The competitors were a range of sinewy, silently focussed athletes (some professional), shouty soldiers, and landrover pornographers. These were the guys who had secret stashes of 'reading material' about suspension, performance, and an absolute lust for all things Landrover shaped. They were happiest when driving their babies or talking about them, and a very useful source of info once it became clear how much we needed to know about the sponsors.

You know the feeling when you walk into a Parisian clothing boutique and the staff give you a long once up and down, thinking, 'what size are you and can you afford it?' Amongst the racers, there was a silent summising of, 'how good am I and can you cut it?' as we ran, biked, kayaked, climbed and competed our way through the days. The tasks were a curious combination of mental and physical challenges, cunning, inspiration and lateral thinking. We memorised patterns during runs, collected hidden targets in the dark with a map, woke in the middle of the night to rescue stuck vehicles, and drove a lot of powerful Landrover beasts. Fitness, strength, teamwork, endurance, leadership, independence, skill and strategy were all being tested, but no one knew exactly what the judges were after.

We had been asked to bring one pocket sized item which represented the spirit of the competition to us. When I explained my choice of a landrover key ring with a lipstick attached to it, there was a bemused (I suspected unappreciative) silence.

Not being either a great adventure racer or 'landy' expert, I had no expectations. I had chosen my item as I had guessed it would be good to get some of the sponsor's branding in there, and I thought that taking lipstick was funny. With no previous experience of this kind of event to guide (or confuse) me, I was full of curiosity, taking the attitude of an open minded beginner. And as a woman competing against men, I knew I was going to have to do well on the strategy, left field, less physical tasks, as I was never going to be as strong physically as the blokes. And I wanted to love every minute of it.

Competitors slowly got eliminated over the days, some happy to go home to wash and sleep, some gutted to be leaving. Somehow staying in the game, with the TV crew weaving between the few of us remaining, it became apparent that everyone thought that they knew what the judges were after. The athletes thought that the fittest racing snake was going to be selected, and the landrover buffs believed the best driver would win. None of us had ever done a competition like this, so how could anyone possibly know?

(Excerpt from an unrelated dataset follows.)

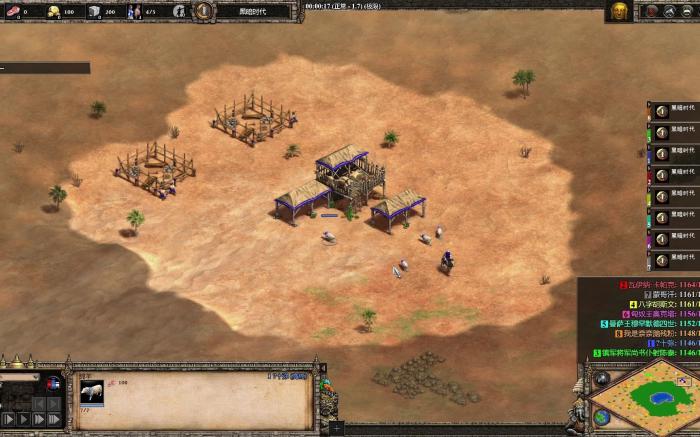 帝国时代2怎么打高棉兵2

As the event continued, I realised that having preconceived ideas about what kind of person would be selected was not only pointless, but actually unhelpful and detrimental. Some boys barked orders as they believed that bossy leadership was the winning quality, others refused to work in a team or help others as they presumed that individualism was key. Faster runners, better bikers, quicker climbers and people with more landrover love than me all got eliminated, yet there I was still happy in the chase. Several things dawned on me towards the end of the week: Landrover were investing millions in the competition and it was being broadcast on Channel 4. Obviously they wanted some one fit and capable, but they surely also wanted an ambassador for the company who would be good on telly? Some of the competitors consciously ignored the journalists as it distracted them from their main objective of winning individual challenges.

Being named as one of the three athletes to go forward to the next selection, I felt like Miss World without the tears and tiara. I was absolutely not the best competitor in any of the individual challenges, but with curiosity, an open mind, and no firm beliefs about what the judges were looking for, I had understood the essence of the competition and won a place in the next selection.